I'm trying to decide whether to buy a 2004 tcr 1 this weekend or wait till the 05's come out. the 04 tcr is in my size(medium) selling for $2,399. Does anyone know when the 05's come out, what availability will be like(will I be able to get a medium right when the come out), if the price will be the same as the 04 I could get, and if giant is specing anything new on the 05 that would make it worth waiting for.
thanks in advance.


----------



## happycx (Jul 6, 2003)

*Something to think about!*

2005 Giant TCR 1 with 2005 Shimano Ultegra 10-speed? Just curious....Haven't seen the bikes, but the shop here said it would be 10-speed.
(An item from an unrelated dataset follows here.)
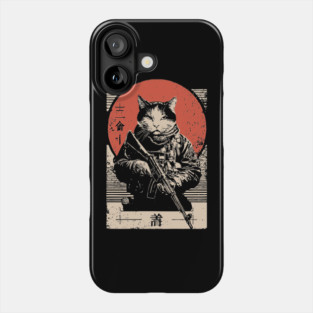 Samurai Sniper Cat Japanese Military Art Tactical Feline Poster Phone Case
But....does that mean more $$$. Who knows.


----------



## GIANTpain (Aug 3, 2004)

happycx said:


> 2005 Giant TCR 1 with 2005 Shimano Ultegra 10-speed? Just curious....Haven't seen the bikes, but the shop here said it would be 10-speed. But....does that mean more $$$. Who knows.


The bike shops I've been to have been telling me that in general prices on all bikes are going up next year. Well, either that or they hold the price the same, but de-spec the bikes (105s instead of ultegra). I've heard this from Trek and Specialized dealers and they were pretty sure it was across the board. Material and shipping costs everywhere are going up so that made sense to me. Anyway, hope this helps.


----------



## digby (Jul 23, 2004)

Helped a little. I found out they wont be out till mid october, and the shops wont know what kind of changes on both pricing and spec till interbike. I said screw it and decided not to wait. Got my bike for 2399 and it had a dura ace rear derailleur. Also the shop is letting me swap out a good amount of stuff to keep me happy. Swapped a saddle to a sella italia slr, swapped tires to plain black michelin pros, rear cassette from a 11-23(yeah right) to a more reasonable 12-26, also theyre ordering me a shorter stem to swap and letting me trade bars for slightly narrower ones. I'm not too sure why giant specs a 125mm stem and 45cm bars with every size bike, but it makes me feel pretty stretched out, all in all once the bar and stem arrive it will be pretty dialed. The bike is pretty awesome. Feels super fast on the flats and very comfortable. Did my normal after loop work and was suprised at how much energy I still had at the end of the ride. Carbon seems to soak up everything that my old steel bike didnt and as a result I seem to have a bit more energy and be less sore when i'm dont riding.


----------